MAR 1, 2019 | misleading article on farm loans
There have been several negative articles lately regarding farm finances. One such article is by the Associated Press titled “Farm Loan Delinquencies Highest in 9 Years as Prices Slump.” The full article is available here. The article states that “nationwide, 19.4 percent of FSA direct loans were delinquent in January, compared to 16.5 percent for the same month a year ago.” This statement is misleading. You will note that the article states that FSA direct loans were delinquent. This would lead many to believe that nearly 20% of agricultural loans are delinquent. FSA stands for Farm Service Agency. This entity, FSA, accounts for only a small percentage, about 2%, of US farm debt:
As you can see from the chart above, US farm debt is primarily provided by Commercial Banks and the Farm Credit System. Together, these two funding sources account for 83% of US farm debt. Understanding the delinquency rates of these two funding sources is a much more meaningful exercise in evaluating the financial health of farmers. The delinquency rate for Farm Loans, which includes both Commercial Banks and the Farm Credit System, can be found below:
As you can see from the chart above, the delinquency rate on Farm Loans stands at only 1.3% as of 2018. And the highest delinquency rate for Farm Loans over the last 14 years was only 2.9%, observed in 2009 in the midst of the financial crisis. These figures are a far cry from the 19.4% delinquency rate for FSA direct loans cited by the Associated Press article.

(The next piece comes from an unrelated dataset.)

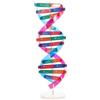 Niltracy Kit per l'apprendimento dei geni umani della struttura del DNA della doppia elica del DNA per l'insegnamento biologico Prop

The delinquency rates for Farm Loans are even more impressive when comparing to other asset classes. For example, delinquency rates for commercial real estate rose quickly beginning in 2007 and peaked at 8.7% in 2009, roughly triple the delinquency rate of Farm Loans:
Despite multiple years of low grain prices and a trade war with China, Farm sector financial health remains sound. Although Farm Loan delinquency rates rose slightly in 2018, they remain relatively low.